The “Change of Control Price” shall mean the per share price paid or deemed paid in the Change of Control transaction, as determined by the Administrator.
(c)Application of Limits on Payments. Except to the extent the Participant has in effect an employment or similar agreement with the Company or any Affiliate or is subject to a policy that provides for a more favorable result to the Participant upon a Change of Control, in the event that the Company’s legal counsel determine that any payment, benefit or transfer by the Company under this Plan or any other plan, agreement, or arrangement to or for the benefit of the Participant (in the aggregate, the “Total Payments”) to be subject to the tax (“Excise Tax”) imposed by Code Section 4999 but for this subsection (d), then, notwithstanding any other provision of this Plan to the contrary, the Total Payments shall be delivered either (i) in full or (ii) in an amount such that the value of the aggregate Total Payments that the Participant is entitled to receive shall be One Dollar ($1.00) less than the maximum amount that the Participant may receive without being subject to the Excise Tax, whichever of (i) or (ii) results in the receipt by the Participant of the greatest benefit on an after-tax basis (taking into account applicable federal, state and local income taxes and the Excise Tax). In the event that (ii) results in a greater after-tax benefit to the Participants, payments or benefits included in the Total Payments shall be reduced or eliminated by applying the following principles, in order: (A) the payment or benefit with the higher ratio of the parachute payment value to present economic value (determined using reasonable actuarial assumptions) shall be reduced or eliminated before a payment or benefit with a lower ratio; (B) the payment or benefit with the later possible payment date shall be reduced or eliminated before a payment or benefit with an earlier payment date; and (C) cash payments shall be reduced prior to non-cash benefits; provided that if the foregoing order of reduction or elimination would violate Code Section 409A, then the reduction shall be made pro rata among the payments or benefits included in the Total Payments (on the basis of the relative present value of the parachute payments).
13



18.Miscellaneous.
(a)Other Terms and Conditions. The Administrator may provide in any Award agreement such other provisions (whether or not applicable to the Award granted to any other Participant) as the Administrator determines appropriate to the extent not otherwise prohibited by the terms of the Plan. No provision in an Award agreement shall limit the Administrator’s discretion hereunder unless such provision specifically so provides for such limitation.

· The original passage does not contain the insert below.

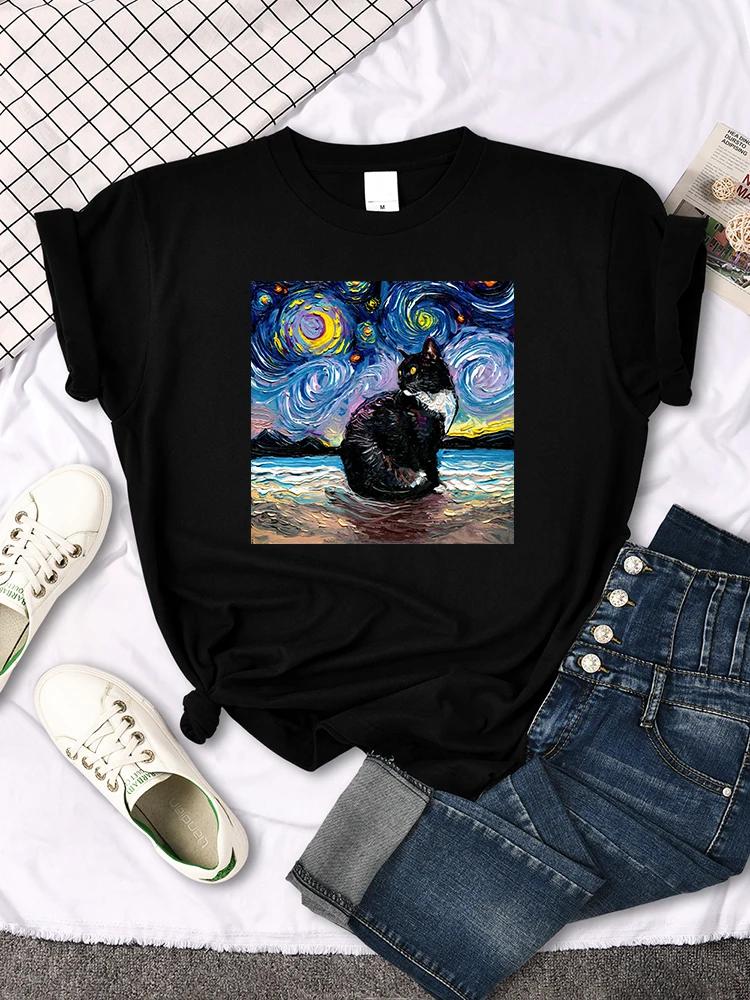 Mona Lisa T Shirts Funny Cat Lovely Cute Printed TShirt for WomenS Crewneck Gothic Women Tshirt Casual Female Tee Shirts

(b)Employment and Service. The issuance of an Award shall not confer upon a Participant any right with respect to continued employment or service with the Company or any Affiliate, or the right to continue as a Director. Unless determined otherwise by the Administrator, for purposes of the Plan and all Awards, the following rules shall apply:
(i)a Participant who transfers employment between the Company and its Affiliates, or between Affiliates, will not be considered to have terminated employment;
(ii)a Participant who ceases to be a Non-Employee Director because he or she becomes an employee of the Company or an Affiliate shall not be considered to have ceased service as a Director with respect to any Award until such Participant’s termination of employment with the Company and its Affiliates;
(iii)a Participant who ceases to be employed by the Company or an Affiliate and immediately thereafter becomes a Non-Employee Director, a non-employee director of an Affiliate, or a consultant to the Company or any Affiliate shall not be considered to have terminated employment until such Participant’s service as a director of, or consultant to, the Company and its Affiliates has ceased; and
(iv)a Participant employed by an Affiliate will be considered to have terminated employment when such entity ceases to be an Affiliate.
Notwithstanding the foregoing, for purposes of an Award that is subject to Code Section 409A, if a Participant’s termination of employment or service triggers the payment of compensation under such Award, then the Participant will be deemed to have terminated employment or service upon his or her “separation from service” within the meaning of Code Section 409A. Notwithstanding any other provision in this Plan or an Award to the contrary, if any Participant is a “specified employee” within the meaning of Code Section 409A as of the date of his or her “separation from service” within the meaning of Code Section 409A, then, to the extent required by Code Section 409A, any payment made to the Participant on account of such separation from service shall not be made before a date that is six months after the date of the separation from service.
(c)No Fractional Shares. No fractional Shares or other securities may be issued or delivered pursuant to this Plan. Unless otherwise determined by the Administrator or otherwise provided in any Award agreement, all fractional Shares that would otherwise be issuable under the Plan (including, for the avoidance of doubt, following adjustment of an Award in connection with a Corporate Transaction according to Section 16) shall be canceled for no consideration.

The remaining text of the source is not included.